Trinidad mira a Celeste sin comprender.

—Los caracoles no mienten, muchacha.

—¿Quiere usted decir, señor Damián, que él no ha muerto? ¡Cónchales, la Virgen de la Caridad! ¿Cree que pudo llegar a tierra? Pero, si es así, ¿dónde puede estar ahora? —pregunta Celeste porque Trinidad se ha quedado muda e impávida, como una muerta recién resucitada. Tantas lágrimas, tanto dolor, y por fin, de la manera más imprevista, este presagio, uno con el que nunca se atrevió siquiera a soñar.

—Buenaventura, ésa es la palabra que mencionó el babalawo. ¿Les dice algo?

—A mí nada. ¿Qué es? ¿Un lugar? ¿Un nombre? ¿Un barco? —sigue siendo Celeste la que responde, porque Trinidad ha empezado a temblar como el azogue.

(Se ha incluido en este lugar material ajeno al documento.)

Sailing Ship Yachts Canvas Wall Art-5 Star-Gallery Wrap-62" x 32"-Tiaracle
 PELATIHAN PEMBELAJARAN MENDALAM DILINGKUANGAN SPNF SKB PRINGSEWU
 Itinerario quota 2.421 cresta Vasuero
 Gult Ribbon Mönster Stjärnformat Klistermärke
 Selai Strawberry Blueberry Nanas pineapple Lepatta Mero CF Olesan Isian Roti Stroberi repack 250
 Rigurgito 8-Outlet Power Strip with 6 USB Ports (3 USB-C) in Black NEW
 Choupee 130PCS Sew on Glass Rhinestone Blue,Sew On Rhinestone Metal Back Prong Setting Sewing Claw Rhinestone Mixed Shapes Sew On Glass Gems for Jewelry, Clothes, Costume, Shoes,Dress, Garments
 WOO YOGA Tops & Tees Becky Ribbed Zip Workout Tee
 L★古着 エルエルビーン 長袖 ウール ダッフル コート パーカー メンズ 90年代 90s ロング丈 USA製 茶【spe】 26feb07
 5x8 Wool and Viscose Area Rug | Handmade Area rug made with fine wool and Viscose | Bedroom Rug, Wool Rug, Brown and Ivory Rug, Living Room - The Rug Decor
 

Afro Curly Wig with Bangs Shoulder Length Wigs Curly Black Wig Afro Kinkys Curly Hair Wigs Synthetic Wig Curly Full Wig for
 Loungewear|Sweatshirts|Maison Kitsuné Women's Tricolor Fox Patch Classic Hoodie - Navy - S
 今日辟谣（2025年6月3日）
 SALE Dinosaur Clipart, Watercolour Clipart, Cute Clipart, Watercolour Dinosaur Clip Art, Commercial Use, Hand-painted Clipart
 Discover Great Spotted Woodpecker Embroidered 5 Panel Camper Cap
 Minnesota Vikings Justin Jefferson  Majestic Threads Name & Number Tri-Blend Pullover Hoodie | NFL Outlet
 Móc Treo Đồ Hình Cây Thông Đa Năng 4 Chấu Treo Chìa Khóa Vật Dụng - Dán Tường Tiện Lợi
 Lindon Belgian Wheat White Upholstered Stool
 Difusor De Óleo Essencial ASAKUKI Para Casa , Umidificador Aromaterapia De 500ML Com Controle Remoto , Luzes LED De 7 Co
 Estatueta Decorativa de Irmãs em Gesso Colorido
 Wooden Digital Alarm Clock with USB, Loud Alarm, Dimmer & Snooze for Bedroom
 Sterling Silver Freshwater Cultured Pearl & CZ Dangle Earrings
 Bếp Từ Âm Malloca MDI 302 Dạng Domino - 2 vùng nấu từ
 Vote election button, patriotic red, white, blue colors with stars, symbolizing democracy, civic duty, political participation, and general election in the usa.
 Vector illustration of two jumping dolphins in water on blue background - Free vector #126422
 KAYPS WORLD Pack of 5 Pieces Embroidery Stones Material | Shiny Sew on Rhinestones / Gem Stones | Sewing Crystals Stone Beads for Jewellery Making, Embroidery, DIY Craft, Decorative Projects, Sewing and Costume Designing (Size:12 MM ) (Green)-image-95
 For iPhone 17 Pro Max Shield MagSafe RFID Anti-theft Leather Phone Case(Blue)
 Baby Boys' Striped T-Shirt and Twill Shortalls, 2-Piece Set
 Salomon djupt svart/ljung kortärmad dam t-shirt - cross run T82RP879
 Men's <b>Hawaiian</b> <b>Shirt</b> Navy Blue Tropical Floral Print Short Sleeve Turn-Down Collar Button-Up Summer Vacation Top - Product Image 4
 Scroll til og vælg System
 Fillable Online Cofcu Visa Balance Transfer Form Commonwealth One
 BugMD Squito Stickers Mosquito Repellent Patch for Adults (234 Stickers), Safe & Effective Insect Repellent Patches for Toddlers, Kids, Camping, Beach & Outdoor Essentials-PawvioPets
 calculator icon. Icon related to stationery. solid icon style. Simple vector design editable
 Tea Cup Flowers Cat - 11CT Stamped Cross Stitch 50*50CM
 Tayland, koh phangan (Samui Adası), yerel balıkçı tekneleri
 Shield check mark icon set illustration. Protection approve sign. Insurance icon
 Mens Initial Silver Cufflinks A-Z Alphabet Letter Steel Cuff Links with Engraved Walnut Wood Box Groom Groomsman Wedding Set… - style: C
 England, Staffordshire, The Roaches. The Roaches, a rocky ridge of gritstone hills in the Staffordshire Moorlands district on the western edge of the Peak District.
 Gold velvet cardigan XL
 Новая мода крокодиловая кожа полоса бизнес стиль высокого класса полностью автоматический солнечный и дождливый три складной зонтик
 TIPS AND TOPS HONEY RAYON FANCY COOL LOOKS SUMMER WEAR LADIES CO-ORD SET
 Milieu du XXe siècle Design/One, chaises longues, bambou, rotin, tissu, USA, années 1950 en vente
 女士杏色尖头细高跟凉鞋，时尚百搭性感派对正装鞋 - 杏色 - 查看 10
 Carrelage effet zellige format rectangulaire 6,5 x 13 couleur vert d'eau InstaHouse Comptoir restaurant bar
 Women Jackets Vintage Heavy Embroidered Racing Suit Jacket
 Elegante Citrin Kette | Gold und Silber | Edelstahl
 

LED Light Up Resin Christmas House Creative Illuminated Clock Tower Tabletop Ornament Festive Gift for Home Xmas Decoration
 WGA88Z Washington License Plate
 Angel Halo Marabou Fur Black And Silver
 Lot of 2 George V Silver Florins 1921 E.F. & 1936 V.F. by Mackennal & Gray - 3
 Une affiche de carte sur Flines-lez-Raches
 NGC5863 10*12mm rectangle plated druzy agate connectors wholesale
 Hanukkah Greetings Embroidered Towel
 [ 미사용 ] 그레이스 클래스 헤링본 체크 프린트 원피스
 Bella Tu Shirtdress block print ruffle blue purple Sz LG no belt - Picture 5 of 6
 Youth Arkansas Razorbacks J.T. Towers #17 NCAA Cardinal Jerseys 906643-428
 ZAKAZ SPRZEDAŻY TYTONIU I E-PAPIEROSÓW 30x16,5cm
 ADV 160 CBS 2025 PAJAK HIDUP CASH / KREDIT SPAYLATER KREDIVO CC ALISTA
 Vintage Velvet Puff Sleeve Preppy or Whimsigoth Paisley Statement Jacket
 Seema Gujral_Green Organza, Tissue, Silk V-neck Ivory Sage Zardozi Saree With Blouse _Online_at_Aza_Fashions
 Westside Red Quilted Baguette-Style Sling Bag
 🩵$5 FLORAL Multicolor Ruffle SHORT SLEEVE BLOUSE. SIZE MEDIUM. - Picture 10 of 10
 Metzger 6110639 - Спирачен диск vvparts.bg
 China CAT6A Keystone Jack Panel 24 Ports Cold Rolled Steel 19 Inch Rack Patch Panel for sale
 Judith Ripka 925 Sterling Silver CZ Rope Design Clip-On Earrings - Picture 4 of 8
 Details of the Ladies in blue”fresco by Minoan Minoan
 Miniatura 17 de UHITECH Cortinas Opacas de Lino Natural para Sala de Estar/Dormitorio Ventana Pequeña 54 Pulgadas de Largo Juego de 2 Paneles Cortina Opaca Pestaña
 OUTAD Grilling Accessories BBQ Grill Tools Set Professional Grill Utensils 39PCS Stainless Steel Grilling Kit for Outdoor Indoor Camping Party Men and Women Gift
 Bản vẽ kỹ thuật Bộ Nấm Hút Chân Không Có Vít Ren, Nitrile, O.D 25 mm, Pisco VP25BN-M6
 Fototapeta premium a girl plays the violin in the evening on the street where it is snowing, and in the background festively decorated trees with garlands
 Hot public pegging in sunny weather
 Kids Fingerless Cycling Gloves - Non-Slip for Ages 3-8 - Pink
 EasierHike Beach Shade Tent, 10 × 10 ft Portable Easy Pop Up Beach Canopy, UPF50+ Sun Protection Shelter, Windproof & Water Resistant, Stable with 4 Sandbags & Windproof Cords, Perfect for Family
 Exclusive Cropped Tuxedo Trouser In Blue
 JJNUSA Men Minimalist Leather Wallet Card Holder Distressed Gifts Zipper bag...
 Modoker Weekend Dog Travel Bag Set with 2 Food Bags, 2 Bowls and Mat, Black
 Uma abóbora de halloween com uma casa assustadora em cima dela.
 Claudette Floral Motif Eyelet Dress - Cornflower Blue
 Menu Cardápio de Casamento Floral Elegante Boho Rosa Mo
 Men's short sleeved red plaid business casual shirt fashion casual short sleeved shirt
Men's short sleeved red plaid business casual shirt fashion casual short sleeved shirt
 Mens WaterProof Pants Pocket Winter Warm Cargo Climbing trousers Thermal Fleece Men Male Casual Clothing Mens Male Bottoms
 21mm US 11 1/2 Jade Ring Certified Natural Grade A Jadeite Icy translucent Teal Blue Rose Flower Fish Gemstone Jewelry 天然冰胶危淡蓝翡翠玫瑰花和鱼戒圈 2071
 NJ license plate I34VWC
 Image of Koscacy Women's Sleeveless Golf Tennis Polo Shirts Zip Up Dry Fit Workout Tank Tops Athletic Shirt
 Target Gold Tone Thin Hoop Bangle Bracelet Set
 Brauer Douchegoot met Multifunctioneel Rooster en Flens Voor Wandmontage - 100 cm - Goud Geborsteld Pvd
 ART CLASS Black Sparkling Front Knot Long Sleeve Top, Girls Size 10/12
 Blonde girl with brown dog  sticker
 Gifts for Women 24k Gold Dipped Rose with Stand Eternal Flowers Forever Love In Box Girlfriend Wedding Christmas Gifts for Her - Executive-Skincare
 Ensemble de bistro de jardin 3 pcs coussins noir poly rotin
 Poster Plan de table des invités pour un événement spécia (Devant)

—Ya tú sabes, chica, que los caracoles no hablan como las personas —ríe el Gran Damián—. Ellos sólo dan la punta de un hilo, el ovillo han de tejerlo ustedes, Trinidad en este caso.

—¿Pero cómo, si no me acuerdo de nada? —dice la muchacha, haciendo un gran esfuerzo—. ¿Dijeron algo más los caracoles? ¿Saben dónde está mi niña, o al menos quién la tiene?

—Sobre ella los caracoles no dijeron mucho, sólo hablan de un buen amanecer.

—¿Y eso qué quiere decir?

—Pues qué sé yo —interviene Celeste, que parece haberse sumado al bando del Gran Damián y sus orishás—, que llegará al alba, que alborea una esperanza, que verás la luz muy pronto, que será de día y no de noche, que todo ha de estar claro y no oscuro…

—Mucha ayuda no es, la verdad…

—Tú guarda esas dos palabras que te regalan los orishás, «amanecer» y «buenaventura». No las olvides. El que busca encuentra.

—Pero es que a veces los orishás hacen trampas, señor Damián, les gusta jugar con nosotros.

—¡Cómo tú dices tal cosa! —se escandaliza Celeste haciéndose cruces—. A ver si ahora los dioses van y se nos enojan. Ellos andan siempre rectos, aunque por caminos torcidos.

—¿Y yo qué he de hacer, señor Damián?

—Mirar a tu alrededor. Los ojos, muchacha, los ojos lo dicen todo.

Y Trinidad, una vez más, no sabe si quien pronuncia estas palabras es el Gran Damián de verdad, o quizá ese otro que la observa desde el afiche que hay a su espalda sentado, muy serio, mientras surca las nubes en su formidable alfombra mágica.